Sekretaris Umum KONI Batam, T. Helmi Hatta, menyebut penandatanganan ini menjadi langkah penting dalam memastikan keberlanjutan pembinaan atlet di Batam.
“Alhamdulillah, hari ini NPHD telah ditandatangani. Dana ini akan kami gunakan secara optimal sesuai RAB, mulai dari pembinaan atlet, dukungan untuk cabor, hingga persiapan Porprov. Kami berharap Batam bisa melahirkan atlet-atlet unggulan yang mampu bersaing dan berprestasi,” ujarnya.

Sementara itu, Kepala Dispora Kota Batam, Zulkarnain, menegaskan bahwa pemerintah daerah terus memberikan perhatian serius terhadap dunia olahraga sebagai salah satu sektor strategis pembangunan daerah.
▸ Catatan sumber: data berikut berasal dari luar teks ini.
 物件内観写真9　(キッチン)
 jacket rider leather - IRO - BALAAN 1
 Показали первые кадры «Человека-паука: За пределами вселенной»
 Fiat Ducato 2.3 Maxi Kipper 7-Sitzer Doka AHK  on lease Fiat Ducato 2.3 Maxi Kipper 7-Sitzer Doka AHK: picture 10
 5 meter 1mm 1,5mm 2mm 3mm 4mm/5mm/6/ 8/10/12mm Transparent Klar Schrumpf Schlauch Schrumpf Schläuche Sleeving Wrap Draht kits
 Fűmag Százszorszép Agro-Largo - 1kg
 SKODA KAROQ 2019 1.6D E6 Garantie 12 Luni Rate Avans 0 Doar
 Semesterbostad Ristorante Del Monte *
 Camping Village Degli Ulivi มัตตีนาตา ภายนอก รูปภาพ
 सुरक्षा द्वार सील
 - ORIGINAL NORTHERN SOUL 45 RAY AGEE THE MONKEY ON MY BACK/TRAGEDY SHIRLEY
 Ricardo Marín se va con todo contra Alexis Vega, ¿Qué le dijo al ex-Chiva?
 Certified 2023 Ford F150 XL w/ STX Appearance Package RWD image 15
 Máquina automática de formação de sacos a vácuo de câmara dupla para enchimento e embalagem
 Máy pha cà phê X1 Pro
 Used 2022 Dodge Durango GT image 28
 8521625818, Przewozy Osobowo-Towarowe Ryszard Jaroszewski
“Penandatanganan NPHD ini merupakan bentuk dukungan nyata Pemerintah Kota Batam terhadap peningkatan prestasi olahraga. Anggaran yang diberikan harus dimanfaatkan sesuai aturan dan peruntukannya,” tegasnya.

Ia juga menyoroti pentingnya kesiapan menghadapi Porprov Kepri yang akan digelar di Tanjungpinang. Menurutnya, KONI Batam harus segera menyusun langkah-langkah strategis agar target prestasi dapat tercapai.
“Batam memiliki potensi besar karena hampir seluruh cabang olahraga ada di sini. Dengan persiapan yang matang dan dukungan anggaran yang memadai, peluang menjadi juara umum sangat terbuka,” katanya.
Lebih jauh, Zulkarnain menjelaskan bahwa pembinaan olahraga merupakan proses berkelanjutan yang tidak hanya berorientasi pada Porprov, tetapi juga menuju ajang yang lebih tinggi seperti Porwil, Prapon hingga PON 2028.
Ia juga mengungkapkan bahwa dalam beberapa tahun terakhir, capaian atlet Batam menunjukkan peningkatan signifikan, bahkan mampu berkontribusi di tingkat nasional dan internasional, termasuk meraih medali pada SEA Games 2024.
“Ini menjadi bukti bahwa pembinaan yang dilakukan sudah menunjukkan hasil. Ke depan, sinergi antara pemerintah dan KONI harus terus diperkuat agar Batam benar-benar menjadi pusat prestasi olahraga,” tutupnya.
Dengan ditandatanganinya NPHD 2026, diharapkan seluruh program pembinaan dapat berjalan maksimal dan mampu mengantarkan Kota Batam meraih prestasi gemilang di berbagai ajang olahraga.